Thursday, February 19, 2015

Trek Thursday: The Cage/The Menagerie

#36: The Cage/The Menagerie




In case you forgot: In "The Cage," the Enterprise (captained by Christopher Pike) encounters the planet of Talos IV, inhabited by a race of powerful psychic aliens who have been collecting specimens for years in hopes of eventually repopulating the barren surface of their planet. They want humans there, too, and decide Pike will be good breeding stock with the woman they already captured 18 years ago, but ultimately he escapes.

By the time "The Menagerie" rolls around, Pike has been badly, horribly incapacitated by a fire (and perhaps suffering from the disease that killed all the "grups" in "Miri," from the looks of it): he is confined to a tiny zamboni and can't speak, only able to flash lights to yes or no questions. Somehow Spock (who served under him back in the day) finds out about this and decides to take Pike back to Talos IV, where he can live out the rest of his life unfettered by his broken, useless body. I'm lumping these episodes together as one unit, because I think to do otherwise would be redundant.

As I mentioned before with "No Man Has Gone Before," it's always fun to see the pilot of a show, to see what the original idea was and to think about what it might have been, and "The Cage" is no exception. I kind of wish we'd had Jeffrey Hunter's Christopher Pike for the series, instead of the Shat and Kirk, but in retrospect Hunter's death in 1969 would have made filming the movies impossible, and then we wouldn't have The Wrath of Khan, so it is what it is.

Aside from its novelty, "The Cage" is solid sci-fi fare, with a surprising amount of pathos. Pike and his crew only get away because the Talosians let them, and they (the Talosians) make it quite clear that without any humans, they are doomed. Vina's transformation at the end ("Now you see my true form!") is touching, too.

 As for "The Menagerie," it has everything "The Cage" has going for it, plus some great mystery set up (at least in Part I) with Spock hijacking the Enterprise.
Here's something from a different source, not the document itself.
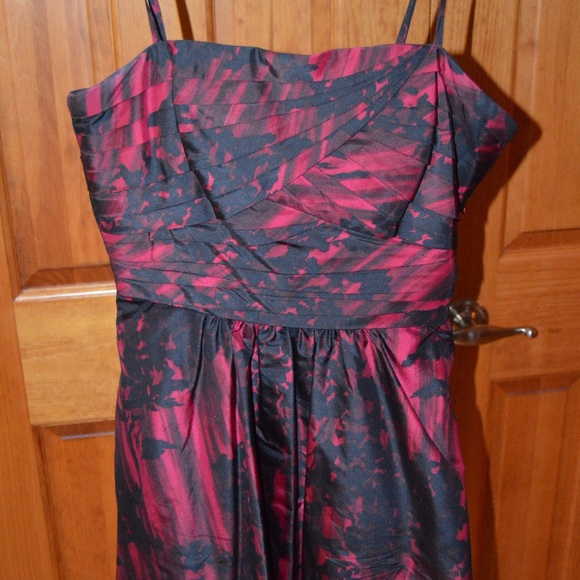 FCBAFIRMA - BCBG Red and Black Bubble Hem Cocktail Dress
By the end, there's some nice bookending, too: in "The Cage," Pike had talked to his doctor about being tired of the responsibilities of a starship captain and wanting to settle down somewhere. In "The Menagerie," the Talosians allow him to do just that.

Most of the bad here comes in with "The Menagerie." If this is the enlightened future utopia, why does the Federation still have the death penalty at all? And why is Talos IV so off-limits? There's no other race of creatures with godlike psychic powers so expressly forbidden to Federation, but the Talosians don't seem that much more powerful. "The Menagerie" in particular drags, mostly because you know they're using footage from the pilot to pad out the two-parter to keep the shooting on schedule. It was probably exciting for audiences at the time, but in the age of the Internet, everyone's already seen the first pilot on its own and the episode suffers from redundancy. Much as Spock insists that his tale is too incredible to be believed otherwise, wouldn't everything about Talos IV be in the file that the Commodore shows to Kirk?

And if the Commodore on the Enterprise and shuttlecraft is an illusion, just how far do the Talosians' powers stretch? The implications of that are frightening. Not to mention that Vina and Pike's happiness are more or less dependent on the Talosians remaining eternally benevolent. What happens if one of them gets a bit cranky?

I'll also add the simple observation that all it takes for a woman to find Talos IV a suitable alternative to real life is a threshold level of ugliness; for a man, it's near total incapacitation. No commentary, just putting that out there.